DATA RECORDS:

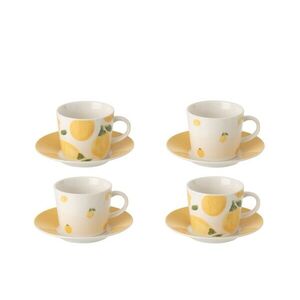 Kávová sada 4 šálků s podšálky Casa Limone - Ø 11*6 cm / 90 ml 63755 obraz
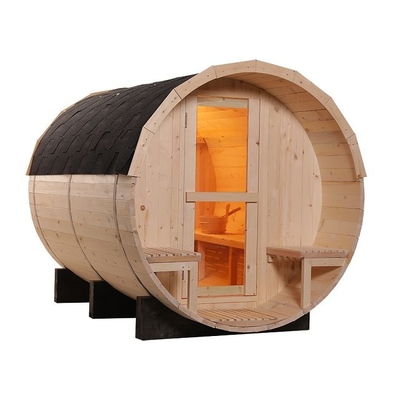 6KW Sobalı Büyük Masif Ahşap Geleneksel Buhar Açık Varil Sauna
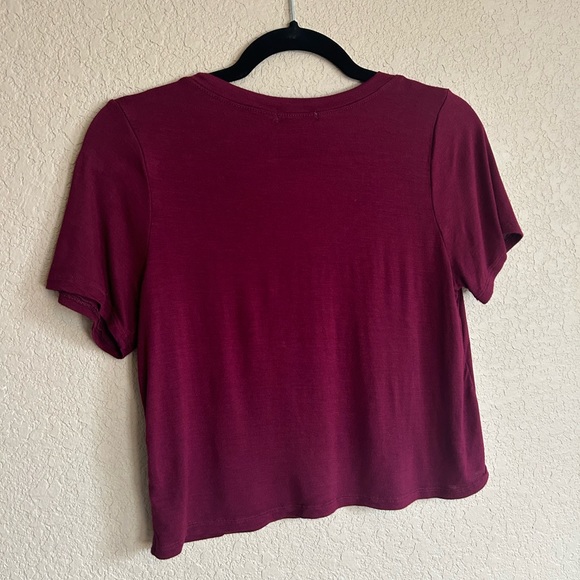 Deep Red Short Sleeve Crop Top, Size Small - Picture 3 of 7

==

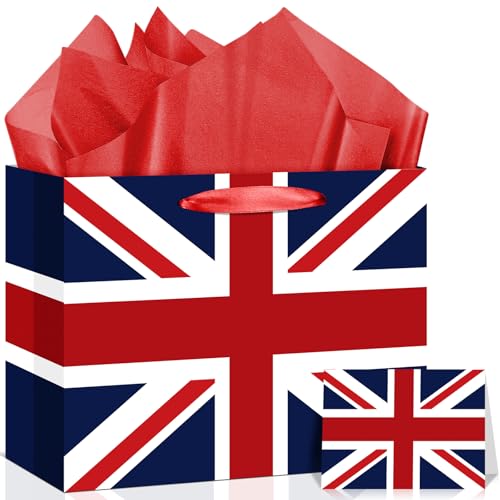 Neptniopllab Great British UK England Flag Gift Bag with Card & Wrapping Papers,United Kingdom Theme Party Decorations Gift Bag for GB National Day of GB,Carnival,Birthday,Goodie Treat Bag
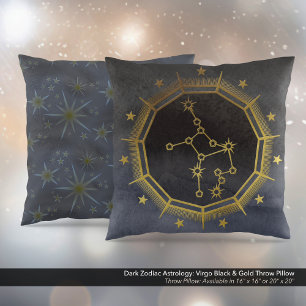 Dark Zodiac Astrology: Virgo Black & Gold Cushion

EXERCISE:
Skipping every picture, transcribe exactly the lines above from the one containing "Kávová sada 4" through the one containing "Deep Red Short", both included.

RESPONSE:
 Kávová sada 4 šálků s podšálky Casa Limone - Ø 11*6 cm / 90 ml 63755 obraz
 6KW Sobalı Büyük Masif Ahşap Geleneksel Buhar Açık Varil Sauna
 Deep Red Short Sleeve Crop Top, Size Small - Picture 3 of 7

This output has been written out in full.